SPRING 1941 AND AMERICA WAS ON THE VERGE of war. Take a look at the May 12 issue of Life magazine. The cover shows a U.S. Army parachutist, braced for whatever is to come. The world was at war, and America was inching toward declaration. But within the magazine’s pages was the real bombshell: the legendary W. C. Fields had started to exercise. At age sixty, the portly actor had apparently abandoned his lifelong disdain for health and good sense—he had even hired a personal trainer.

Then, as now, working out was common in an industry built upon youth and beauty. Never mind that Fields had neither, the real surprise here was that he could walk, let alone jog. Fields drank heavily anytime he was awake. In fact, the Life article’s first paragraphs were devoted to reminding readers of his status as a first-class “tippler.” He would only confess to being drunk one time—it lasted “from the Spanish-American war to the New Deal.” The Life photographer witnessed Fields drinking straight rum from a “tall glass with a wooden lid, to ‘keep out the flies.’” He finished five such drinks in the two hours the photos were taken. While working out.

He had also spent the morning drinking double martinis.

Not in the halls of Seagram’s will you find a more staunch advocate of the martini than William Claude Fields, Bill to his friends. Fields started drinking relatively late in life. As a young vaudeville performer, he didn’t touch alcohol because he wanted full reflexes for his astounding juggling and stage acts. Eventually, out of boredom, he started drinking whiskey as a means to socialize while on tour. The oft-reported date is 1904, when Fields was twenty-five, but in the W. C. universe no fact was safe from convenient rearrangement. Whatever the case, by the dawn of Prohibition in 1920, he had discovered martinis.


Fields started drinking relatively late in life. As a young vaudeville performer, he didn’t touch alcohol because he wanted full reflexes for his astounding juggling and stage acts.


At the time, many people adopted the martini merely because gin was the easiest liquor to bootleg. Fields was not one of those people. He wrote essays about the drink’s perfection. It was the object of passion in his only known poem. He decried any nonalcoholic substitute, even water—because he reasoned “fish fuck in it.”

By 1941 Fields estimated that he was drinking two quarts of gin a day. How he would survive daily workouts nobody knew, but apparently, this was no joke. An upstairs room and the garage had been converted into gyms. He had a stationary bike with a full bar just in front of it, which his girlfriend, Carlotta Monti, said “provided incentive.” And so it was that his trainer, Robert Howard, would show up daily at 4 p.m. Fields would run around his lake while being timed. He lifted weights, rode the exercise bike, and jogged on the roads of Bel Air with either a beer wagon or a starlet running in front of him. Again, “incentive.”

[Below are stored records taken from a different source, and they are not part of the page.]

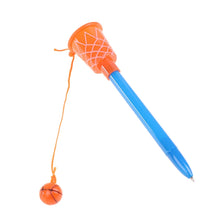 Load image into Gallery viewer, Basketball Hoop Pen x1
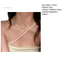 Choker Ngoc Trai Giả Thanhh Lich - Món Quà Hoàn Hao Cho Ban Gai Va Vo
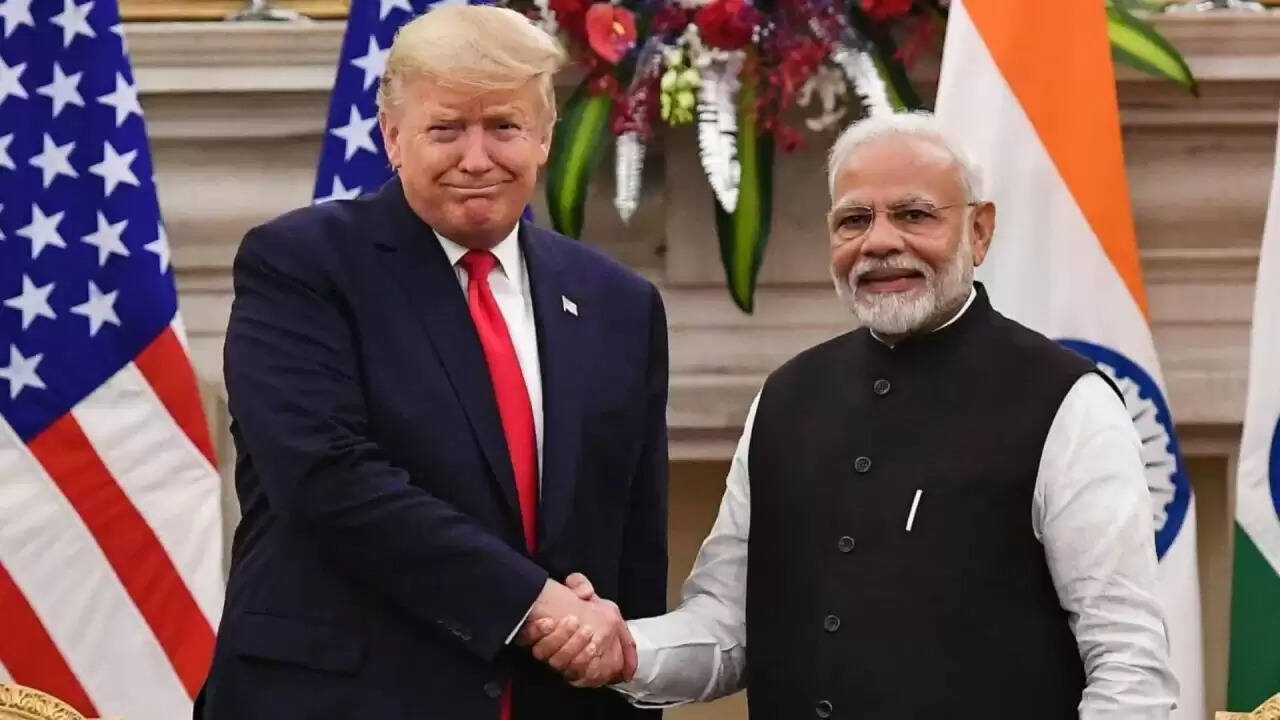 PM मोदी और ट्रंप की बातचीत: आतंकवाद से लेकर वैश्विक मुद्दों तक की चर्चा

The third photo shows Fields, shirtless, taking a drink of rum from that aforementioned tall glass. Fields wrote his own caption: “It is imperative that the right elbow be kept in perfect condition at all times.” Apparently no Fields endeavor would be complete without a few jokes, the Life article included. He was indeed a master of the one-liner, especially when it came to booze.